Mon hôtel étant situé à côté du parc Shiba, j'ai décidé de m'y rendre. Je suis tombé sur un spectacle sans précédent. Le parc comptait des milliers de personnes, assises, allongées ou debout sur d'immenses plastiques bleus. Là, ils pique-niquaient, chantaient, dansaient, flirtaient, jouaient, dormaient ou discutaient. De tous âges, ils passaient leur journée de repos à célébrer une température plus clémente,surtout, et d'admirer Sakura.
Parc Ueno à TokyoA la nuit tombée, je suis retourné dans le parc pour voir dans quel état il devait être après toutes ces fêtes. Les plastiques bleus avaient disparu, placés dans des conteneurs prévus à cet effet. Sur le sol, on ne voyait pas la moindre miette, encore moins un papier ou une bouteille oubliés. J'ai demandé à un ami japonais comment ils arrivaient à maintenir des services municipaux aussi rapides et efficaces. Il m'a regardé avecIl nous a expliqué que lorsque toutes les "picnicantes" partent, elles emportent leurs déchets avec elles. Quel bon exemple pour notre peuple...

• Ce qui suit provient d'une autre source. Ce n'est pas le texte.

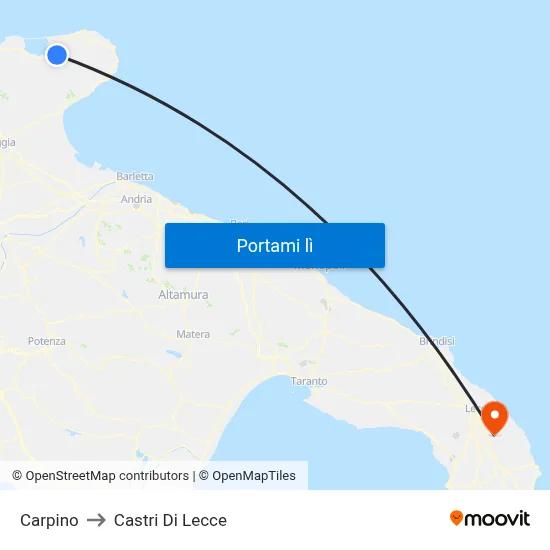 Carpino to Castri Di Lecce map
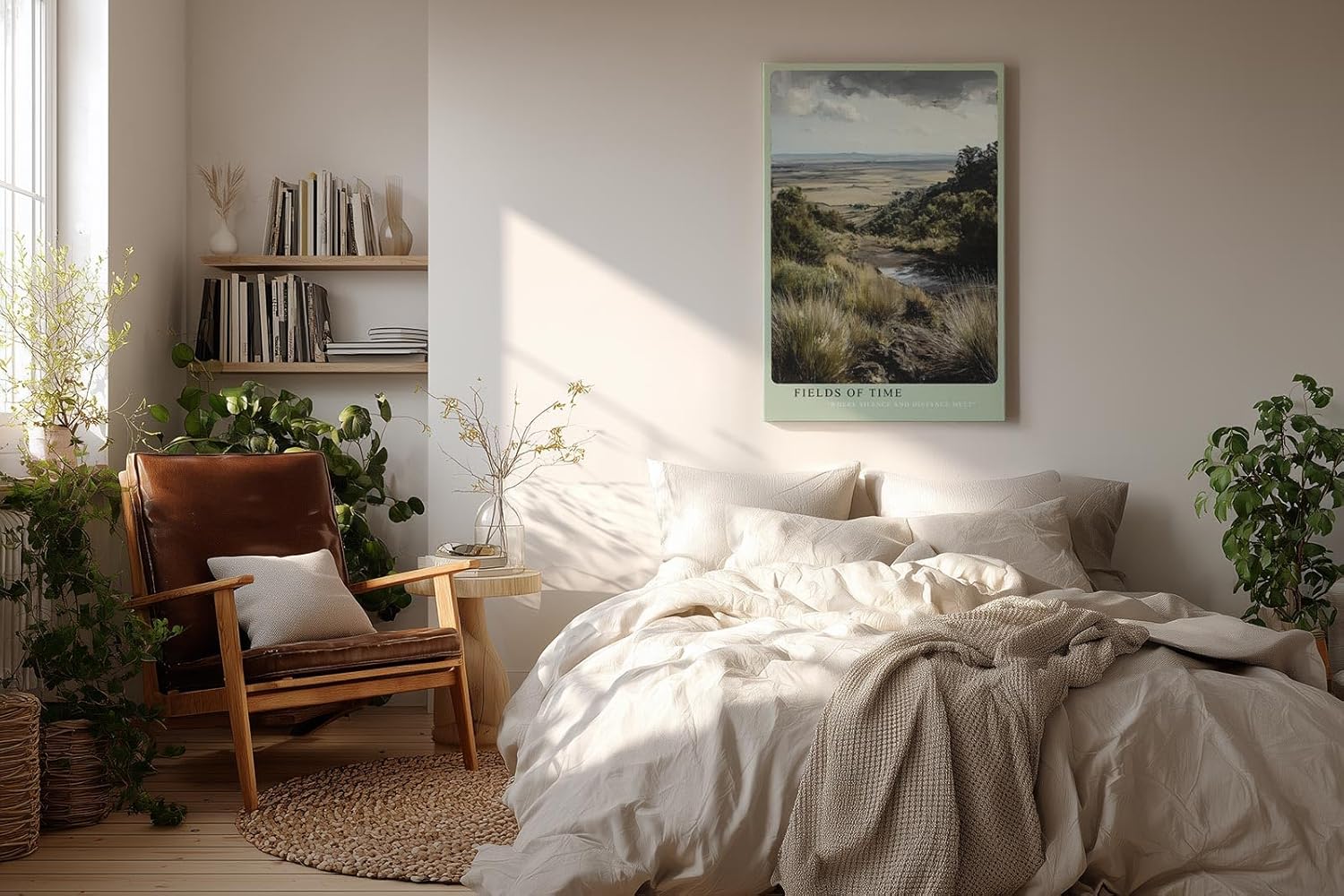 Paul Sinus Wandbild in 40x60cm weite Landschaft mit Gräsern und Panoramablick – atmosphärisches Naturmotiv für entspannte Wohnund Arbeitsräume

Le sakura de Tokyo est différent de celui de Kyoto. Il se concentre davantage dans les parcs que dans les rues, et c'est donc la destination la plus populaire à cette époque de l'année. Vestiges de la splendeur de l'ère Edo, les parcs de Tokyo étaient, il y a deux cents ans, essentiellement les jardins privés des Daymio, des seigneurs et propriétaires d'immenses terres, mais qui devaient également vivre à Tokyo six mois par an.
Hama Rikiu à TokyoHama Rikyu était pour moi le plus beau parc de Tokyo. Le contraste entre la délicatesse des cerisiers en fleurs et la brutalité urbaine des bâtiments qui l'entourent accentue la mystérieuse dualité qu'est pour moi le Japon. Conservatrice et moderne, traditionnelle et audacieuse, froide et émotive, technologique et bucolique, l'existence de cette civilisation au XXIe siècle est un paradoxe permanent.
Je n'oublierai jamais une fin d'après-midi à Kyoto. Un après-midi où, assis sur le "tatami" de ma chambre dans un Ryokan de cette ville, j'ai regardé par la fenêtre et j'ai vu des petits points blancs danser. "Les cerisiers en fleurs commencent à tomber", me suis-je dit. J'ai regardé de plus près. Ce n'était pas ça. C'étaient des flocons de neige qui tombaient du ciel.